Dataset. In this part, We train and evaluate our model on the aforementioned Hubei water dataset.

Fig. 4.
figure 4

Total classes of the Hubei water dataset. The class names and the choose reason are given. Examples are given in the end of each row.

Fig. 5.
figure 5

Qualitative results on Hubei water dataset. compared to CCNet and OCRNet, our AMINet predicts masks with substantially finer details near water boundaries. And our network can better distinguish the reflection on the water surface.

Evaluation Metrics. Although the dataset labeled about eighteen categories, but the goal is to separate the water region. So we take the Intersection over Union (IOU) as the final inspection index.

4.2 Implementation Details

Training Sets. We trained with the input size of \(1024\,\times \,1024\). The data augmentation includes random crop and random rotation. Only water is taken as positive sample. We use stochastic gradient descent (SGD). The base learning rate is set as \(1e-2\), and is dropped to \(1e-4\) and \(1e-5\) at the 130th and 176th epoch. The training processing is terminated within 200 epochs.

Test Sets. We binarize the labeled mask images of pixel classification results and test sets by whether they are water, and then calculate water IOUs.

4.3 Result on Test Set

We report the results of our method with other advanced methods. AS shown in Table 2, Our method get a 78.5% IOU and which surpasses other advanced method. Figure 5 shows qualitative results on Hubei water dataset, where AMINet provides better effect and details than CCNet and OCRNet.

Table 2. Comparison on the Hubei water test set. The best result is in bold.

4.4 Ablation Study

In this part, we separate our network into three part: The AMINet (/) use a simple bilinear to replace low-to-high fusion and use only convolutional layer with BN+RELU to replace high-to-low; The core component asymmetric interaction module; The Conv\(5 \times 5\). We analyze the effect of these factors and the direct effect is shown in Table 3.

Effects of AIM. from the Table 3, it is easy to find that AIM greatly improves the IOU, which proves the effectiveness of this module and focuses more attention on the characteristics of larger receptive field to water segment.

Conv \(5 \times 5\).
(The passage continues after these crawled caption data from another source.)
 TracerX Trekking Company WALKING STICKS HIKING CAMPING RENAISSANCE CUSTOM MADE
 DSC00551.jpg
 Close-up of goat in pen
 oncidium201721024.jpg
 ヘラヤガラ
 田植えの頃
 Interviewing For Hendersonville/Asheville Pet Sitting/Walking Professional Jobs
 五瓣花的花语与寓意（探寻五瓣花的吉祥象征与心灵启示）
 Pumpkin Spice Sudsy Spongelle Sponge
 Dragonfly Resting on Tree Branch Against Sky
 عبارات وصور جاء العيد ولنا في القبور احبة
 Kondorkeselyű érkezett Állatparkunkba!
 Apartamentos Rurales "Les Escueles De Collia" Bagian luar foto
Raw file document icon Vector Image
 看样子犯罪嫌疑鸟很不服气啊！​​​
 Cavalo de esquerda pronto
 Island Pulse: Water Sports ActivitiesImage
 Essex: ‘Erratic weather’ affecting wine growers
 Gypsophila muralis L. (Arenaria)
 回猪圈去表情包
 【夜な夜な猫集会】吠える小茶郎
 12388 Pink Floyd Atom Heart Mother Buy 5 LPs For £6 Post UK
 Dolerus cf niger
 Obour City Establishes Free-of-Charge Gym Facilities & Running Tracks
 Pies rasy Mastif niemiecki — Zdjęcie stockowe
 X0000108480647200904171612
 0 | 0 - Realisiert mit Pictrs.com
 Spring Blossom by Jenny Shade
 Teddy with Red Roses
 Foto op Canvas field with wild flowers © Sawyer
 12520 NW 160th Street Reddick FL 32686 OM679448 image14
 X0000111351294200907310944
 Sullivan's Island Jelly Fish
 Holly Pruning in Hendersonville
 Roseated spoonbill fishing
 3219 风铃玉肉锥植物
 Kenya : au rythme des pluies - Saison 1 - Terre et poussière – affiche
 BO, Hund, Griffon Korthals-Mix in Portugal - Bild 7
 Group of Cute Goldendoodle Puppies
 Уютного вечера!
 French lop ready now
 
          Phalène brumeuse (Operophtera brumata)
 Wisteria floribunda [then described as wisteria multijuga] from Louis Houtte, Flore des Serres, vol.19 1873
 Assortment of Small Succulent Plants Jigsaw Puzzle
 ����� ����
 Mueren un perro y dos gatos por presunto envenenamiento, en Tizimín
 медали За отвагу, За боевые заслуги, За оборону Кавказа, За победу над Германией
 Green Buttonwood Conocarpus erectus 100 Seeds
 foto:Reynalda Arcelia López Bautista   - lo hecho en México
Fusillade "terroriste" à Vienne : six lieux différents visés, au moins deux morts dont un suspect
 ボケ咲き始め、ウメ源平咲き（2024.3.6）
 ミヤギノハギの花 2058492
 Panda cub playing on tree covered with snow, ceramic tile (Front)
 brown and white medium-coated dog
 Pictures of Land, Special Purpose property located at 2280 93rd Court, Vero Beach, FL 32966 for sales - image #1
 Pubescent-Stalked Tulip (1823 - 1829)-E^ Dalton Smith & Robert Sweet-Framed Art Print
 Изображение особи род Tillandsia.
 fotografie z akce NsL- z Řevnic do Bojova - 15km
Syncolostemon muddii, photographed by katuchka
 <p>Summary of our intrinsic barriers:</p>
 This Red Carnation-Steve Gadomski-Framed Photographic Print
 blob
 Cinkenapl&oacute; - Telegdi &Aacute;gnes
After using 5\(\,\times \,\)5 convolution in the last several layers, the IOU is 2.4 % and 1.8 % higher than that of AMINet (/) and AMINet (/)+AIM respectively. This proves that large convolution kernels will have better effect for large water areas with uneven characteristic distribution.

Table 3. The effects of factors in AMINet.

5 Conclusion

In this paper, we propose AMINet, a powerful water semantic segmentation method and introduce our dataset Hubei water dataset. With the effective asymmetric interaction module, our framework gradually aggregates information on the smallest feature layer with a larger perceptive field, and ultimately gets better performance on the Hubei water dataset. The disadvantage is that AMINet does not achieving good results in all categories. We leave it in the future.